Facebook Groups: Is for when you are part of something that isn't explicitly from you. Mark it "closed" if it is a group that you don't want other people to know you are a part of.
Facebook Pages: Use this for everything else where you want to share something with your friends. If you are into model trains, create a page where you share your passion for that, and invite your friends to follow you there.
Finally, Facebook Groups isn't the new social thing. "MSN Communities" did this back in 2001, and they failed catastrophically. The reason is that we don't want groups or forums, we want to extend our individuality with specific people, under specific circumstances.
Many sites today writes that the new Facebook Groups is the next big social thing. It's not. It's just a forum ... been there, tried that - didn't work.
What we want is to be able to create a home that we can share (with specific people) - not create a shared space.
You can create a group by going to: http://www.facebook.com/groups/
You control which of your friends are a member of this group, You can add anyone you know to any group you are a part of.
There are no real privacy issues, but just as you are the only one who can decide what you want to share, you must also be the only one who decides what you want to be a part of.
Facebook says they are giving you more control, but they are also giving you control over what groups your friends should be in.
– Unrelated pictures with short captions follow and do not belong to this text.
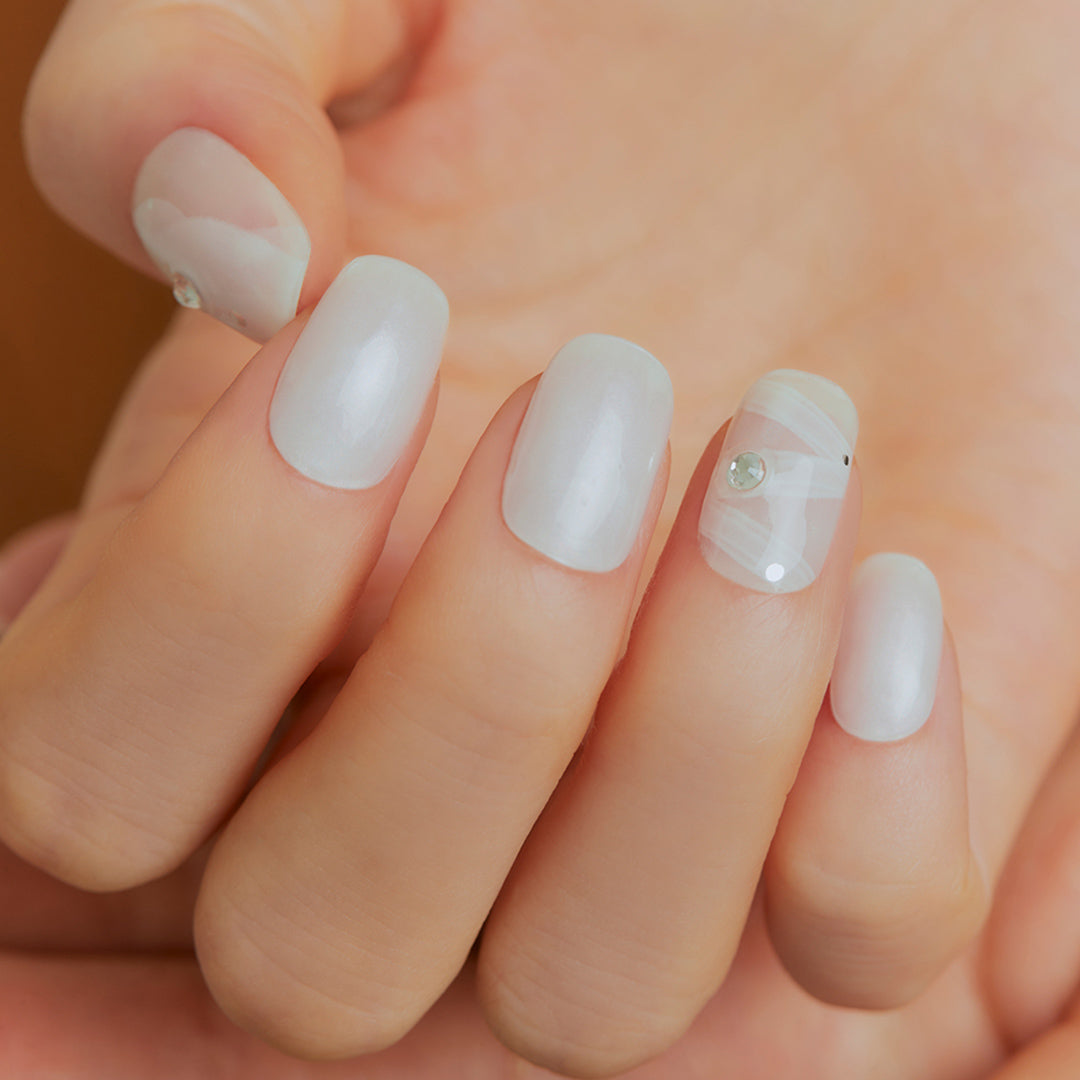 Ohora N Ballet Blanc NP-207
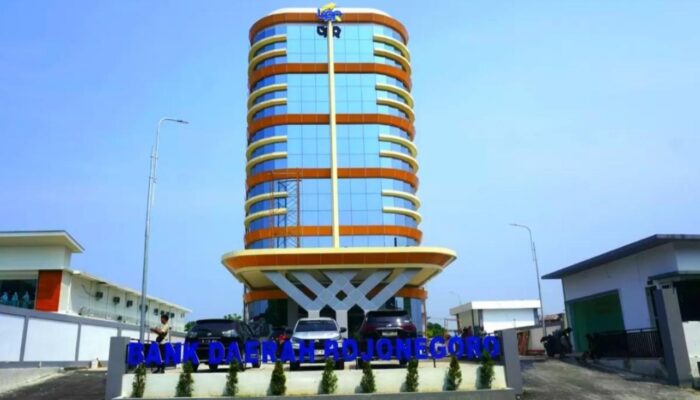 Diduga Merugi Usai Konser 3 Dekade, Dirut PT BPR Bank Daerah Bojonegoro Dicopot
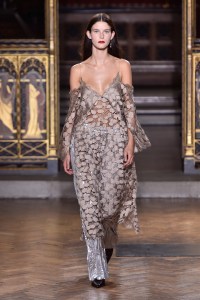 Sharon Wauchob RTW Spring 2017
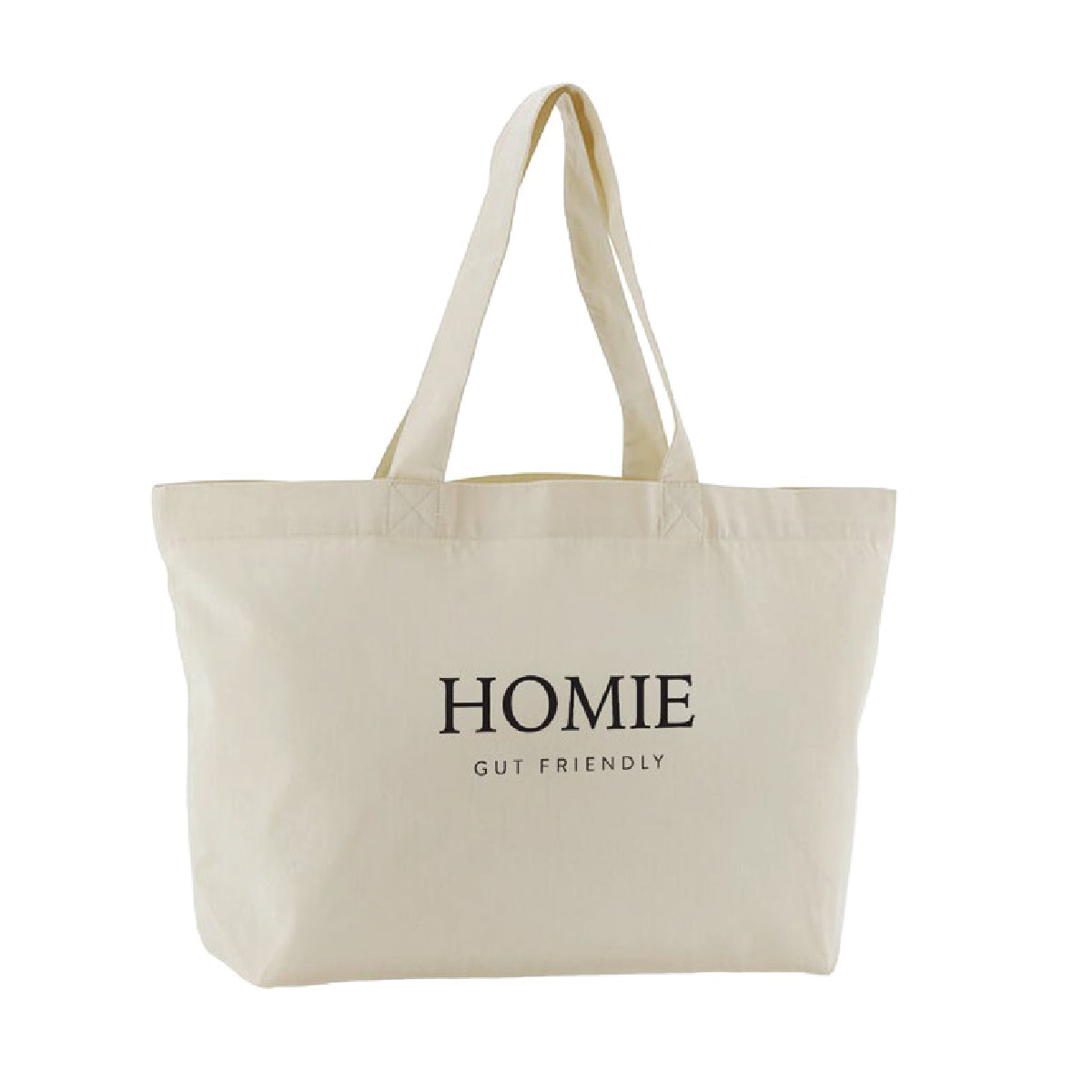 Bomulls tote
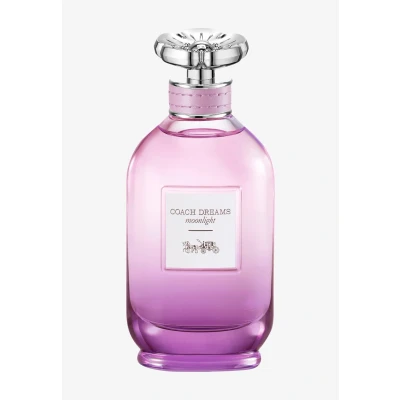 Afbeelding van Coach Dreams Moonlight Eau de Parfum 60 ml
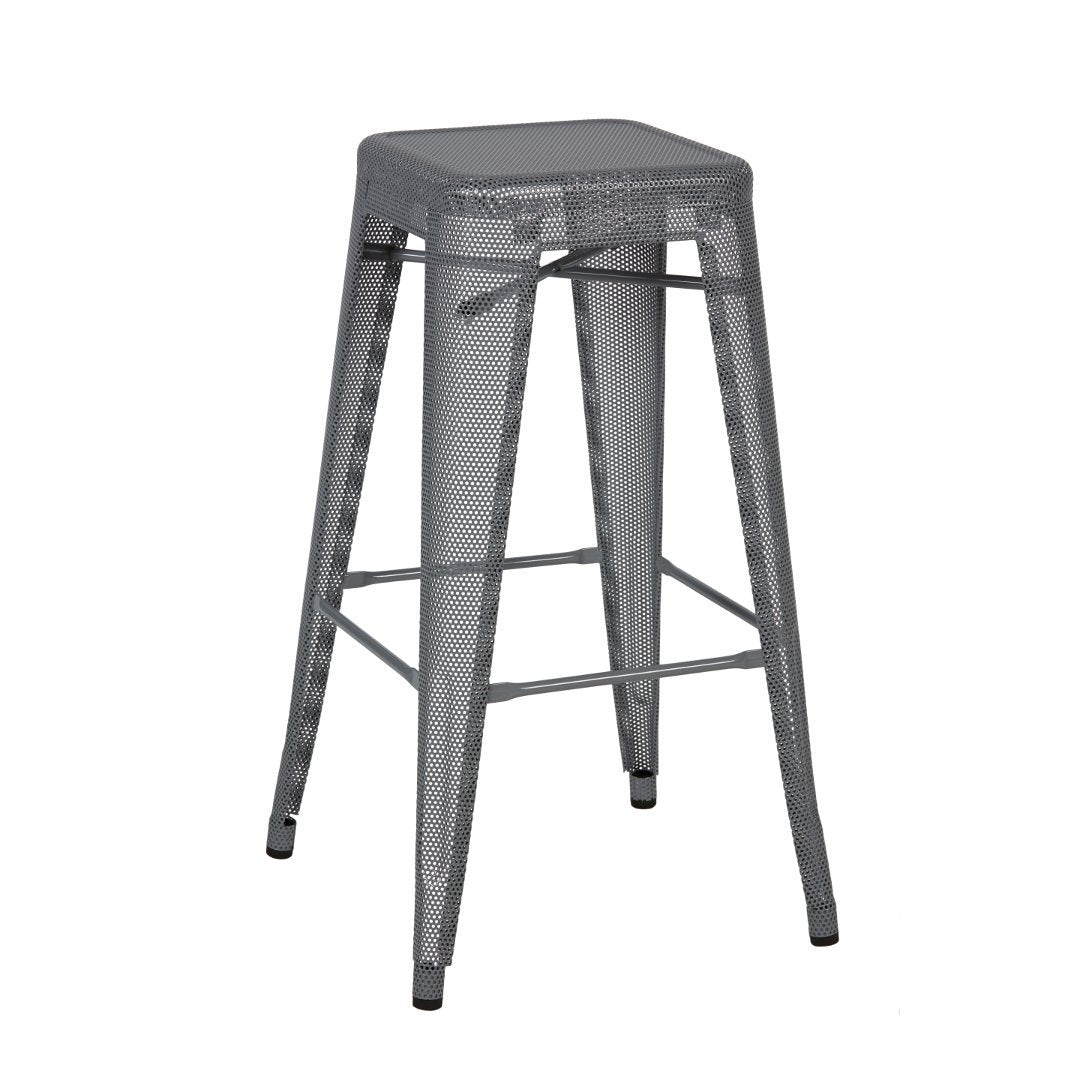 TOLIX - H75 Stool Perforated - Stool 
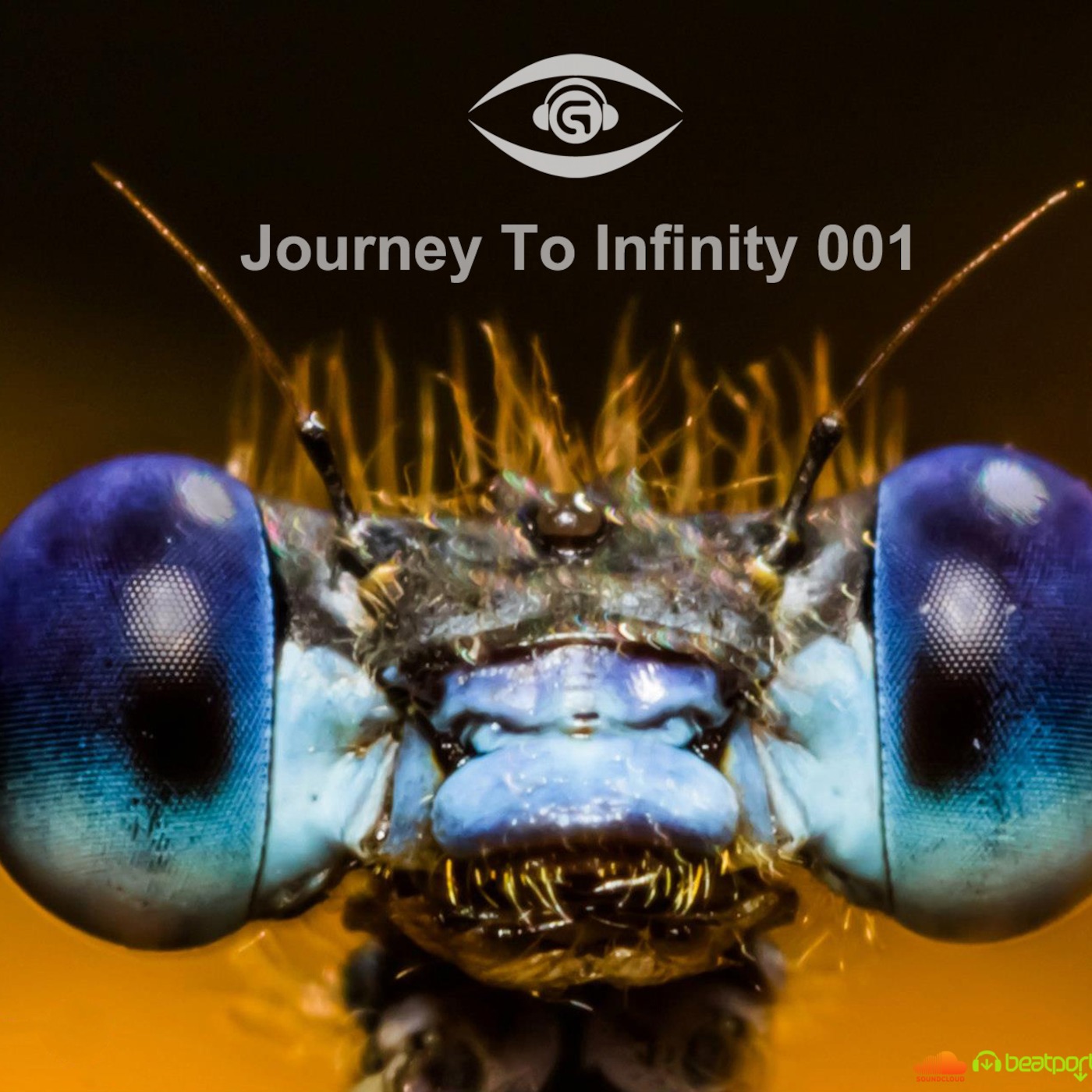 Dj Gismo - Journey To Infinity 001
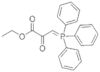 [2-(ETHOXYCARBONYL)-2-OXOETHYLIDENE]TRIPHENYLPHOSPHORANE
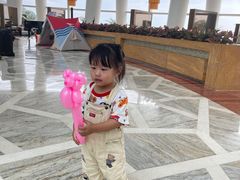 -深圳大梅沙京基洲际度假酒店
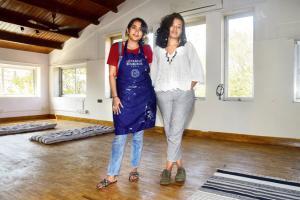Mumbai: Artist revamps Colaba property into arts space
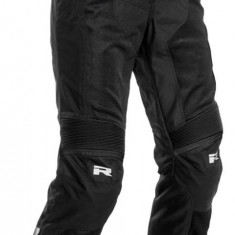 Pantaloni Moto Dama Richa Airvent Evo 2 Trousers Women, Negru, Extra-Large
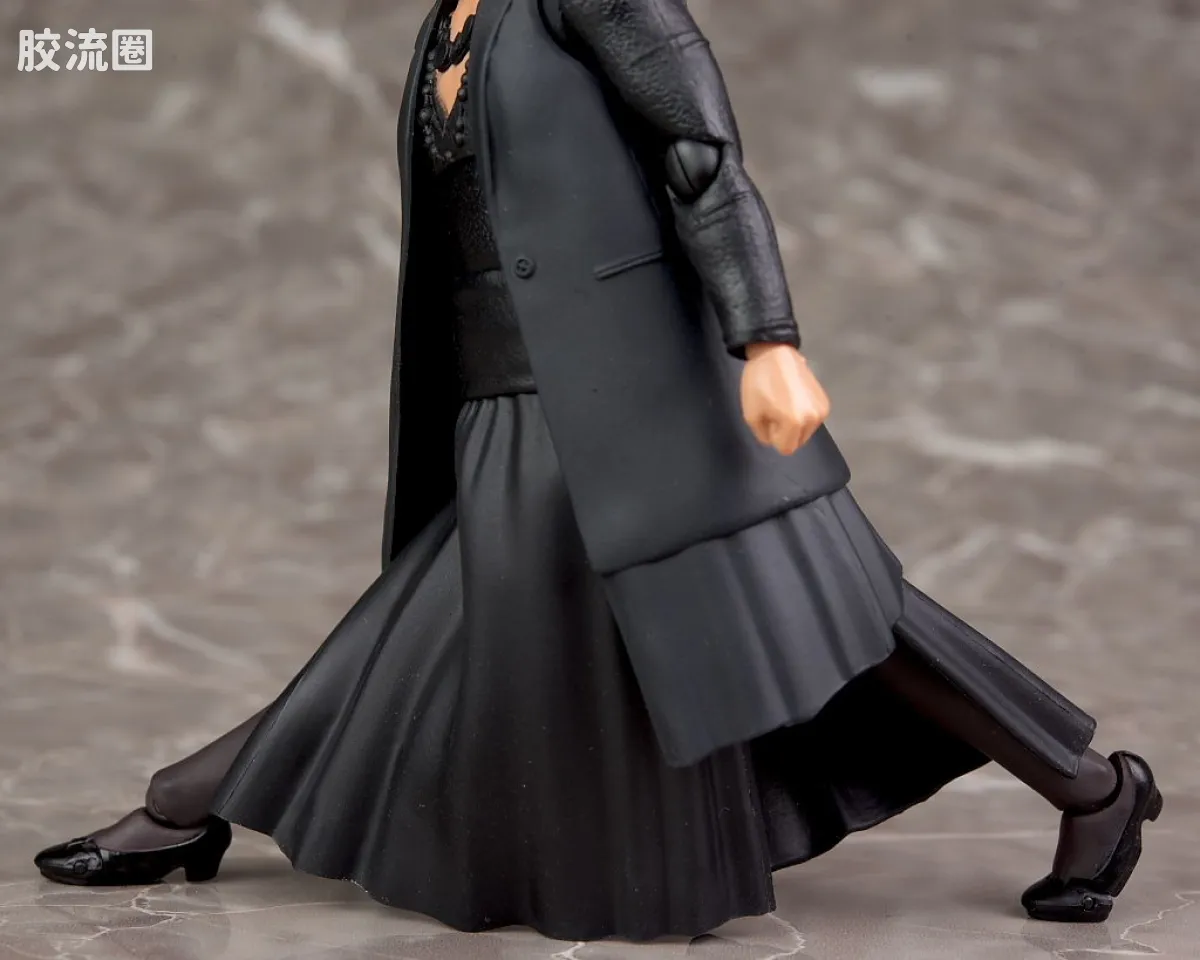 SHF 现实艺人系列 YOKO FUCHIGAMI 渊上阳子 - 图片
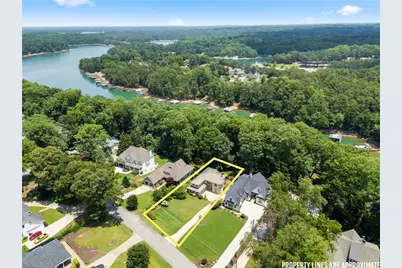 6277 Lakeview Drive, Buford, GA 30518 - Photo 56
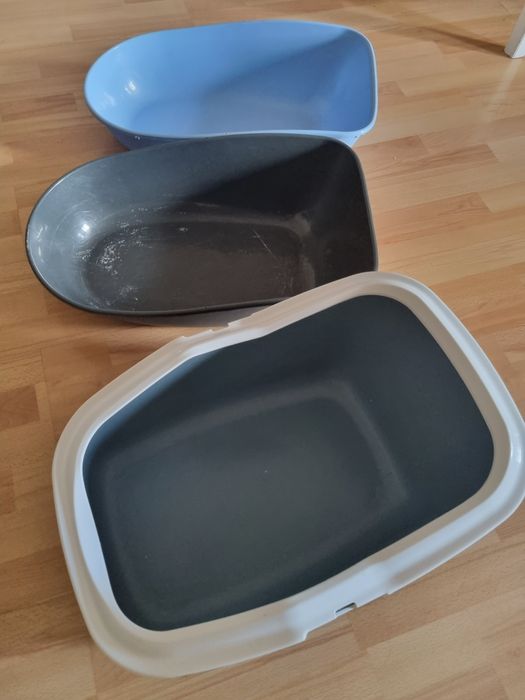 Cat Sandboxes64862462479107120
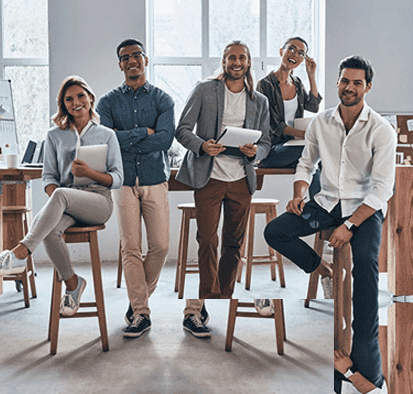 Core Tech Partner team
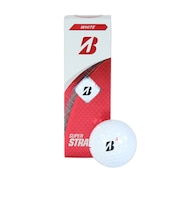 ゴルフボール 25SUPER STRAIGHT T5WX 3P スリーブ(3個入り)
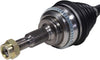 NCV10563 CV Axle Shaft Assembly - Left Front (Driver Side)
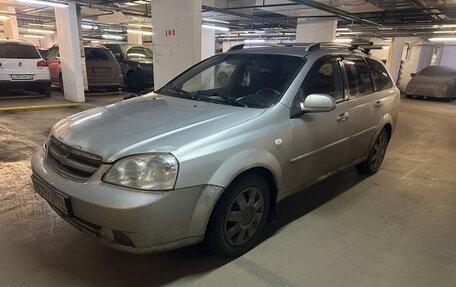 Chevrolet Lacetti, 2007 год, 250 000 рублей, 2 фотография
Good for you, not so good for everyone else ...and in retrospect, not so good for you either. Your friends can decide what groups you should be a member of too.
You can opt-out of a group, but it's opt-out, not opt-in.
All members of a group can post status updates to everyone. Including people they are not friends with. So if you create a group with 20 people, then they will see not just your posts, but everyones. Result: huge amount of noise from people you don't know.
By default, Facebook's notification settings are set to notify you about everything every member post in the group. That means you will get notified with every update AND get an email even from people you don't know. You can turn off these notifications, but again, you have to stop the noise that other people force you into.
None of the post you make to a group is part of your wall. It's not you who are posting something from your wall to a group of people; it's you going to a group to post something. Same with pictures etc. They are all posted to the group, and are not part of your profile. This creates a lot of confusion in trying to figure out where you content is.
A group is just a stream with a posts from everyone in it. You can post photos, video, docs, events and links. You can't post an album of photos, there are no tabs, no way to filter post for just one person etc.
Some of these issues could be solved, but it doesn't solve the problem that Facebook Groups is really just a lot of small forums.
A much better solution is, as Mari Smith pointed out, to use Facebook Pages - especially if Facebook would allow us to create private pages for just a group of friends.
An even better solution is to simply solve the real problem. Allow people to post to a group-of-people, not a group with people in it.